» **Exercise requirements**:
Transcribe exactly everything in the data below from the line containing "Picturesque hay bales" down to the line containing "Vemdalens bästa ski", both lines included and nothing further.

» **The records**:
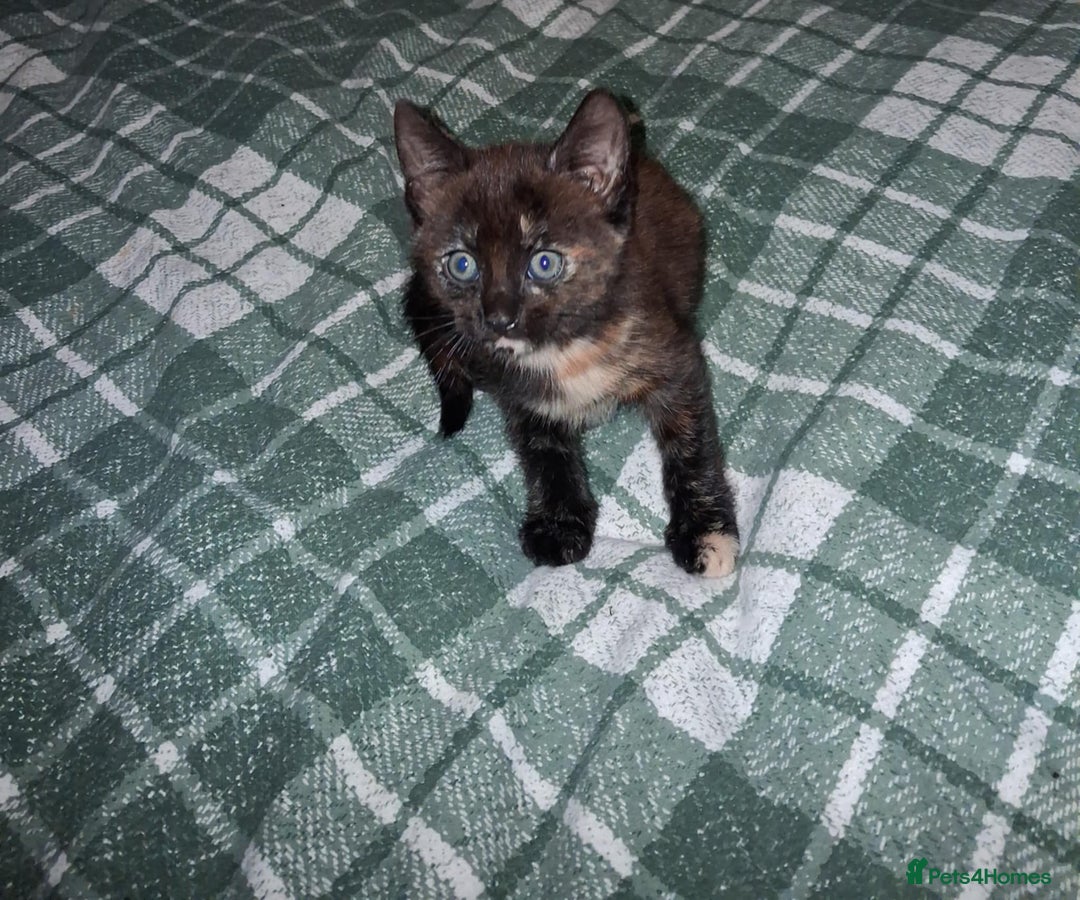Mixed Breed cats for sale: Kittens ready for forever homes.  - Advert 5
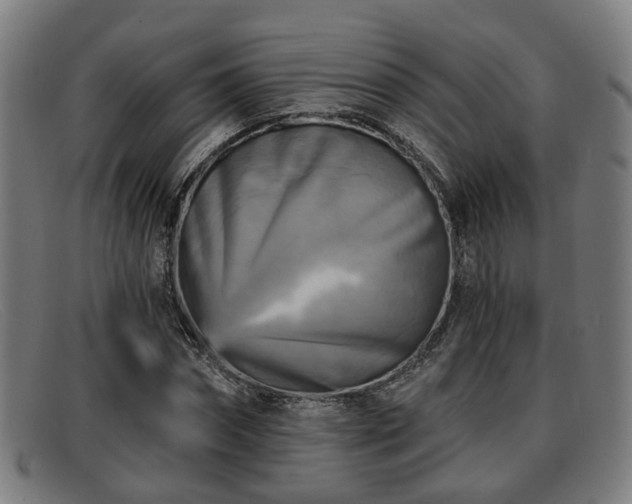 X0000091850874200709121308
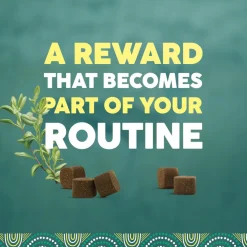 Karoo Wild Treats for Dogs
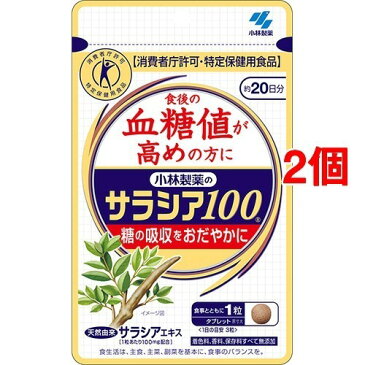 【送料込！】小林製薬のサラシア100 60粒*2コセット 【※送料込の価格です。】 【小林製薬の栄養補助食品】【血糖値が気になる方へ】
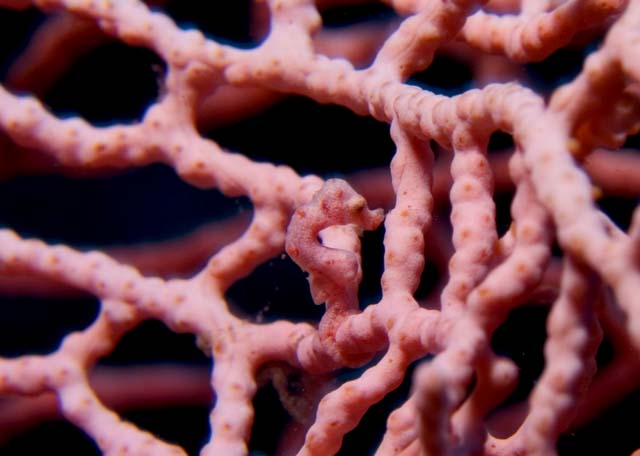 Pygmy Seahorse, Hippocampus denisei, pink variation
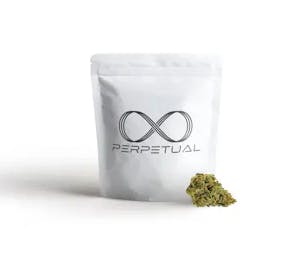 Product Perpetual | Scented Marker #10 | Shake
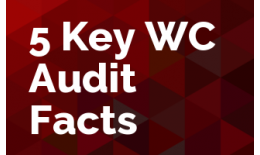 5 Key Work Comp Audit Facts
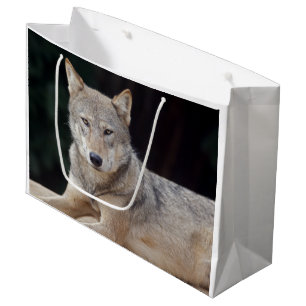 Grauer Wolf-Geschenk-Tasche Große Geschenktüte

* * *

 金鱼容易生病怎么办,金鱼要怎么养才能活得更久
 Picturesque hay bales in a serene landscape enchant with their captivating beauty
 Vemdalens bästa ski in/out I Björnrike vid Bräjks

...

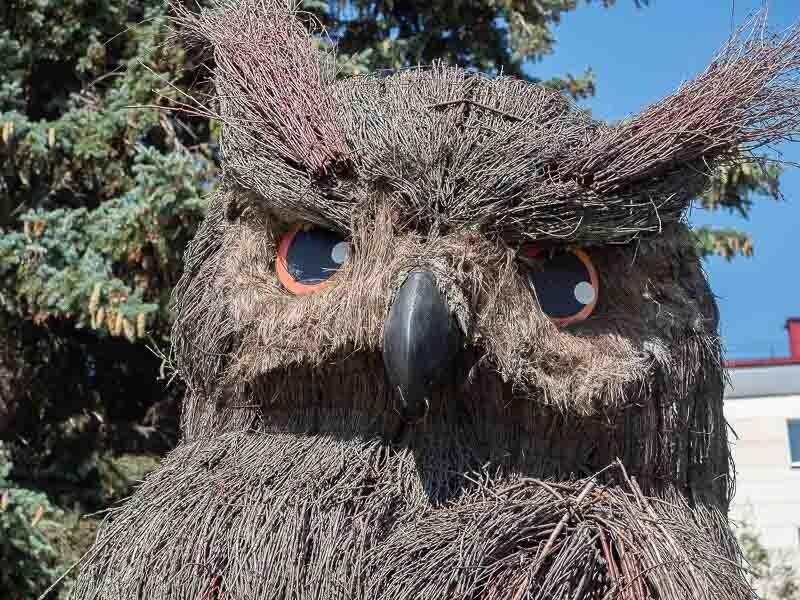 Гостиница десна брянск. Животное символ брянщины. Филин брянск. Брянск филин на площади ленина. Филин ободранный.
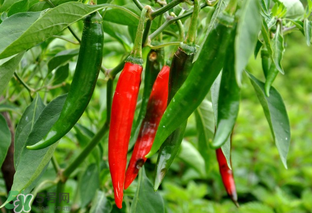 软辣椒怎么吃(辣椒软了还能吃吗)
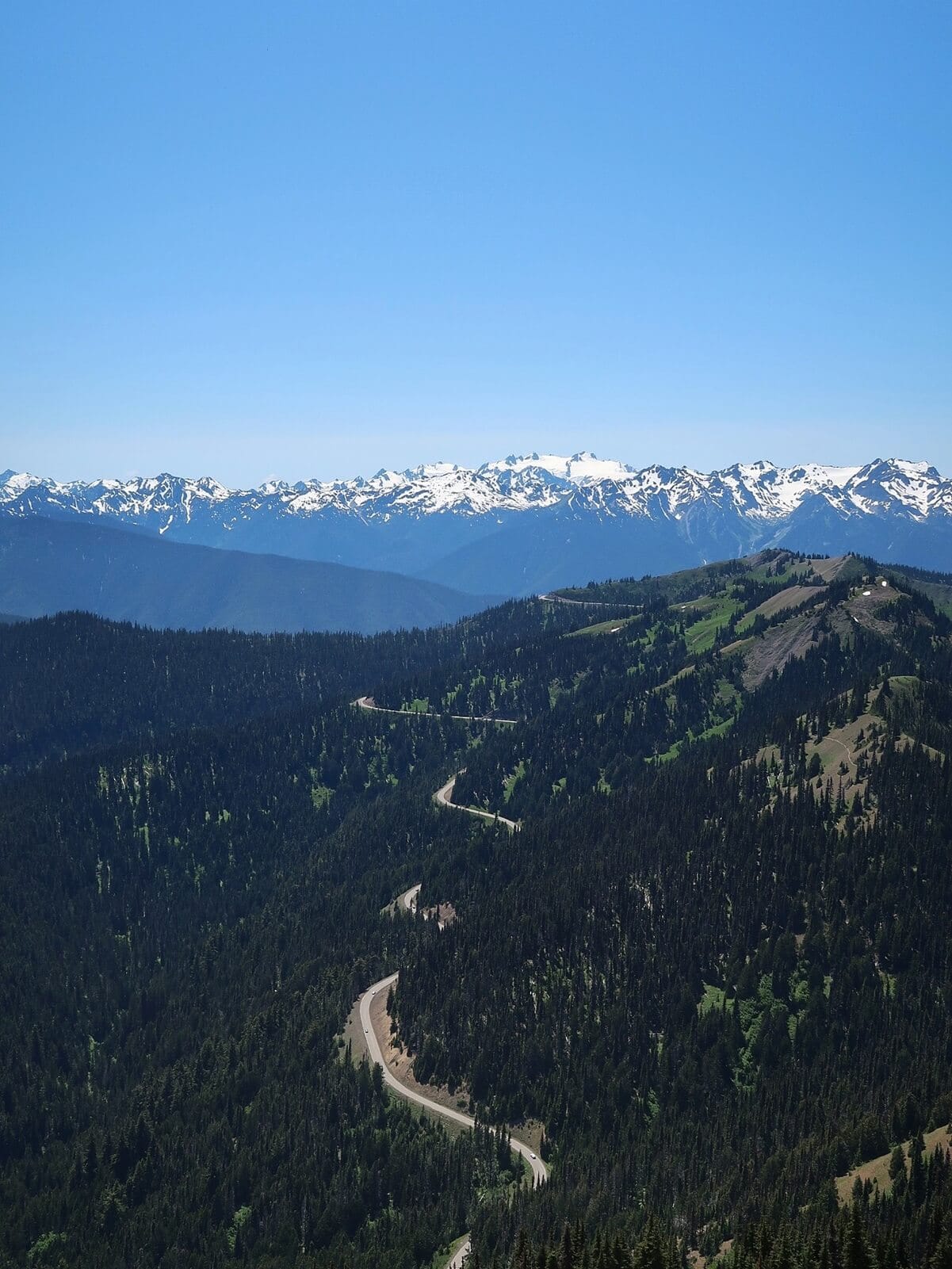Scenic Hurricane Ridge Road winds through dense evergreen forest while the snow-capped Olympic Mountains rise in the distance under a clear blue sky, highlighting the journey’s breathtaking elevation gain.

» **Task output**:
 Picturesque hay bales in a serene landscape enchant with their captivating beauty
 Vemdalens bästa ski in/out I Björnrike vid Bräjks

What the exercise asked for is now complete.